[Your objective]: Exclude the pictures and reproduce the remaining data exactly as written.

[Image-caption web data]

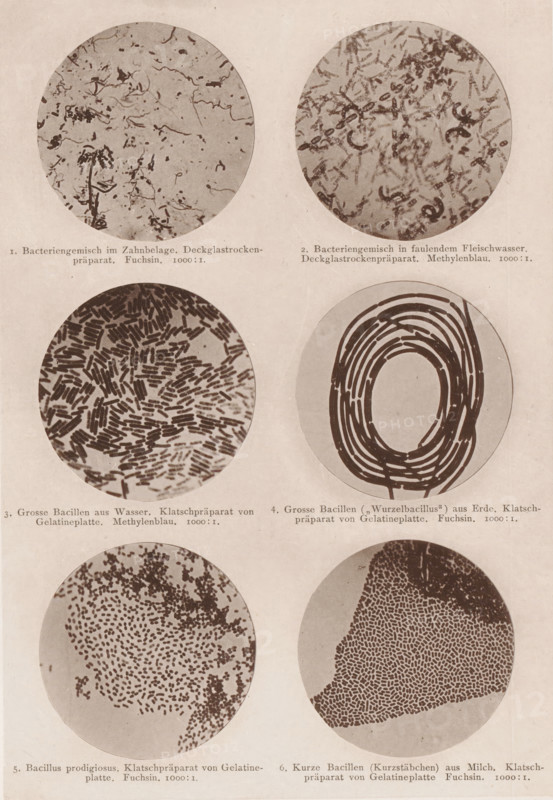 Six microscope images of bacteria and bacilli, page, photomechanical print, number: 'Tafel I.', inscription: '1. Bacteriegemisch im Zahnbelage. Deckglassrockenpräparat. Fuchsin. 1000:1. 2. Bacteriegenomic in faulendem Fleischwasser. Deckglassrockenpräparat. Methylenblau. 1000:1. 3. Grosse Bacillien aus Wasser. Klatschpräparat von Gelatineplatte. Methylenblau. 1000:1. 4. Gross Bacilli (Wurzelbacillus) from Erde. Klatschpräparat von Gelatineplatte. Fuchsin. 1000:1. 5. Bacillus prodigiosus. Klatschpräparat von Gelatineplatte. Fuchsin. 1000:1. 6. Kurze Bacillien (Kurzstäbchen) from Milch. Klatschpräparat von Gelatineplatte. Fuchsin. 1000:1.', photographer: Carl Günther, Berlin, maker: Friedrich Julius Klinkhardt, Leipzig, c. 1880 - in or before 1890, Saxony, paper, collotype, photoprint, height 242 mm x width 164 mm, Prints in section at the back., unicellular animals, bacteria, bacilli, A rectangular sheet shows six circular microscope views arranged in three rows, with two circles per ro...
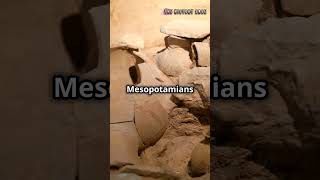 Mesopotamia Birthplace of Civilizationshorts viralvideo ancientcivilization [upl. by Calesta]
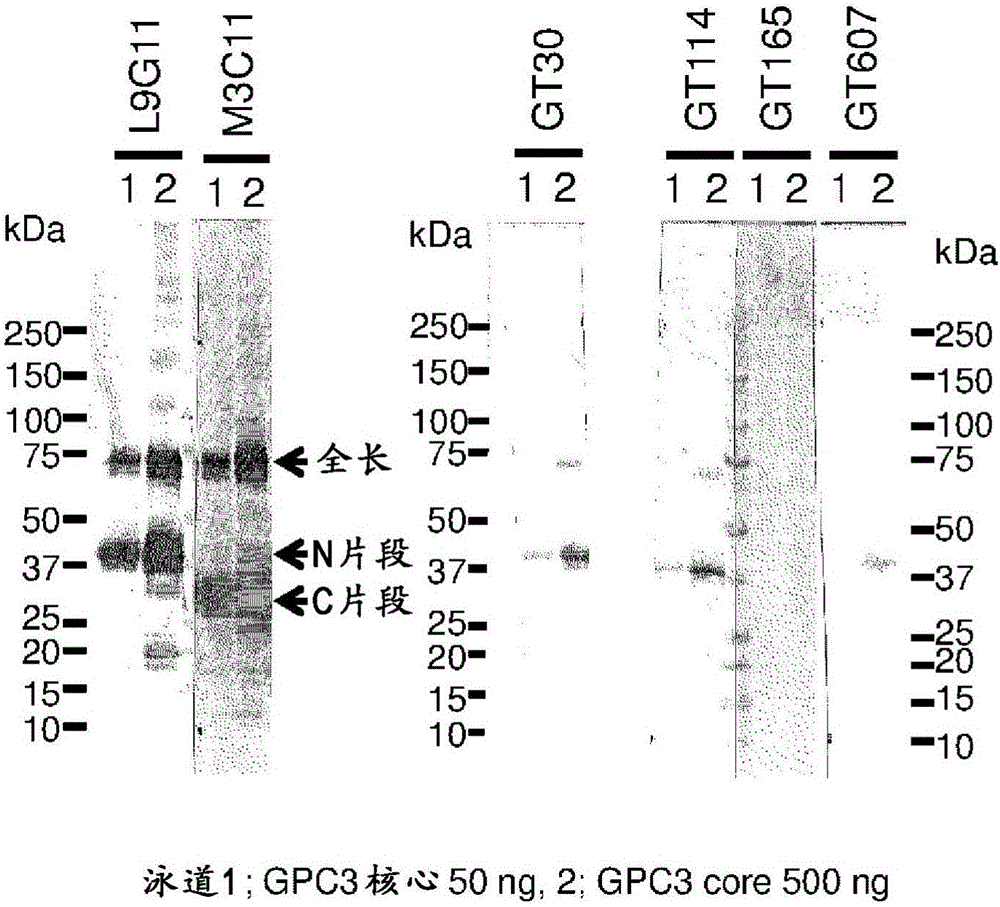 Method for measuring soluble GPC3 protein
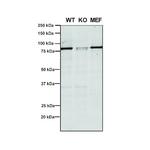 VPS35 Antibody in Western Blot (WB)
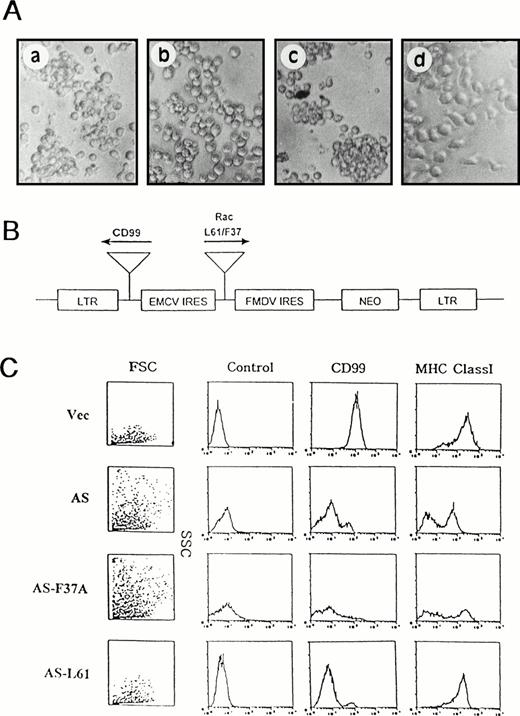 Fig. 5. Function of Rac and Rho in CD99 signaling pathway. (A) Blocking of CD99 MoAb-induced aggregation of IM9 cells by C3 exoenzyme or L61F37A Rac mutant. Normal IM9 cells pretreated with (b) or without (a) the inhibitor of C3 transferase (20 μg/mL; UBI, Lake Placid, NY) for 36 hours were dispersed into single cells by repeated pipetting, incubated with control antibody or anti-CD99 MoAb for 1 hour, and assayed for cell aggregation. L61-TF (c) or L61F37A-TF (d) IM9 transfectants were stimulated with anti-CD99 MoAb for 1 hour and assayed for aggregation. (B) Gene constructs that contain L61 or L61F37A Rac in sense orientation and CD99 in antisense orientation. (C) Immunophenotypic analysis. All transfectants were examined for CD99 expression by flow cytometric analysis. L61 Rac rescues cell morphology from the H-RS phenotype, with a concomitant decrease in forward and side scatter and increased MHC class I expression, in CD99-deficient IM9 cells.
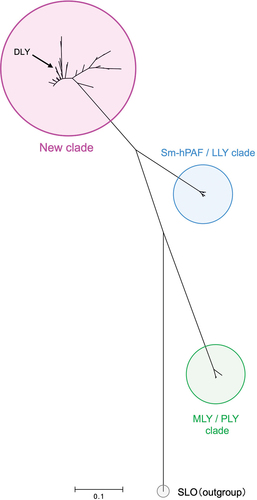 Figure 2. Phylogenetic analysis of the CDCs produced by S. mitis strains and related species among the Mitis group streptococci (MGS) based on nucleotide sequence. Streptolysin O (SLO) derived from S. pyogenes strain MGAS5005 was chosen as the outgroup in this analysis.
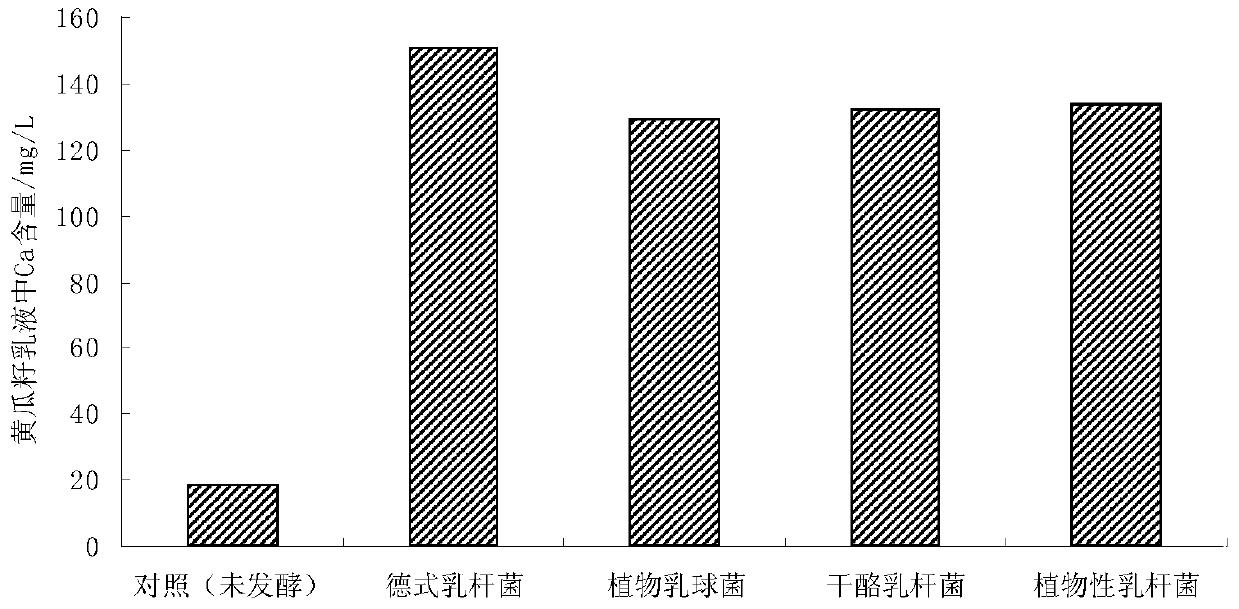 A kind of preparation method of high-calcium lactic acid bacteria fermented cucumber seed beverage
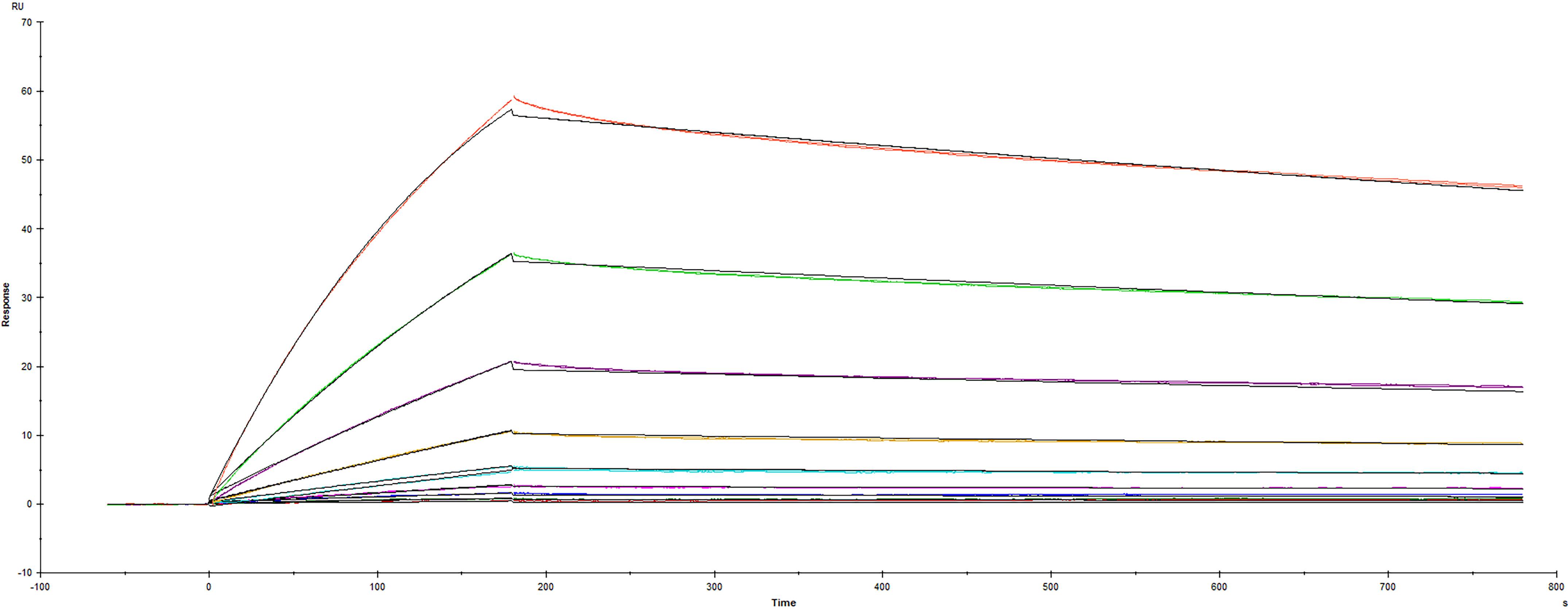 Recombinant SARS-CoV-2 Spike RBD protein V445A mutant His-tag (Catalog # 10819-CV) was immobilized on a Biacore Sensor Chip CM5, and binding to recombinant human ACE-2 (933-ZN) was measured at a concentration range between 0.184 nM and 47.2 nM. The double-referenced sensorgram was fit to a 1:1 binding model to determine the binding kinetics and affinity, with an affinity constant of KD=2.03 nM.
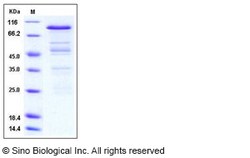 Sino Biological Human PRMT3 Protein (GST Tag) 100ug, Quantity: Each of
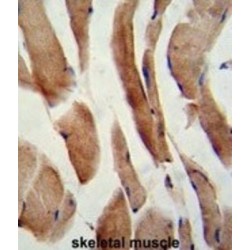 CASP8 And FADD Like Apoptosis Regulator (CFLAR) Antibody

[Response to the exercise]:
 Six microscope images of bacteria and bacilli, page, photomechanical print, number: 'Tafel I.', inscription: '1. Bacteriegemisch im Zahnbelage. Deckglassrockenpräparat. Fuchsin. 1000:1. 2. Bacteriegenomic in faulendem Fleischwasser. Deckglassrockenpräparat. Methylenblau. 1000:1. 3. Grosse Bacillien aus Wasser. Klatschpräparat von Gelatineplatte. Methylenblau. 1000:1. 4. Gross Bacilli (Wurzelbacillus) from Erde. Klatschpräparat von Gelatineplatte. Fuchsin. 1000:1. 5. Bacillus prodigiosus. Klatschpräparat von Gelatineplatte. Fuchsin. 1000:1. 6. Kurze Bacillien (Kurzstäbchen) from Milch. Klatschpräparat von Gelatineplatte. Fuchsin. 1000:1.', photographer: Carl Günther, Berlin, maker: Friedrich Julius Klinkhardt, Leipzig, c. 1880 - in or before 1890, Saxony, paper, collotype, photoprint, height 242 mm x width 164 mm, Prints in section at the back., unicellular animals, bacteria, bacilli, A rectangular sheet shows six circular microscope views arranged in three rows, with two circles per ro...
 Mesopotamia Birthplace of Civilizationshorts viralvideo ancientcivilization [upl. by Calesta]
 Method for measuring soluble GPC3 protein
 VPS35 Antibody in Western Blot (WB)
 Fig. 5. Function of Rac and Rho in CD99 signaling pathway. (A) Blocking of CD99 MoAb-induced aggregation of IM9 cells by C3 exoenzyme or L61F37A Rac mutant. Normal IM9 cells pretreated with (b) or without (a) the inhibitor of C3 transferase (20 μg/mL; UBI, Lake Placid, NY) for 36 hours were dispersed into single cells by repeated pipetting, incubated with control antibody or anti-CD99 MoAb for 1 hour, and assayed for cell aggregation. L61-TF (c) or L61F37A-TF (d) IM9 transfectants were stimulated with anti-CD99 MoAb for 1 hour and assayed for aggregation. (B) Gene constructs that contain L61 or L61F37A Rac in sense orientation and CD99 in antisense orientation. (C) Immunophenotypic analysis. All transfectants were examined for CD99 expression by flow cytometric analysis. L61 Rac rescues cell morphology from the H-RS phenotype, with a concomitant decrease in forward and side scatter and increased MHC class I expression, in CD99-deficient IM9 cells.
 Figure 2. Phylogenetic analysis of the CDCs produced by S. mitis strains and related species among the Mitis group streptococci (MGS) based on nucleotide sequence. Streptolysin O (SLO) derived from S. pyogenes strain MGAS5005 was chosen as the outgroup in this analysis.
 A kind of preparation method of high-calcium lactic acid bacteria fermented cucumber seed beverage
 Recombinant SARS-CoV-2 Spike RBD protein V445A mutant His-tag (Catalog # 10819-CV) was immobilized on a Biacore Sensor Chip CM5, and binding to recombinant human ACE-2 (933-ZN) was measured at a concentration range between 0.184 nM and 47.2 nM. The double-referenced sensorgram was fit to a 1:1 binding model to determine the binding kinetics and affinity, with an affinity constant of KD=2.03 nM.
 Sino Biological Human PRMT3 Protein (GST Tag) 100ug, Quantity: Each of
 CASP8 And FADD Like Apoptosis Regulator (CFLAR) Antibody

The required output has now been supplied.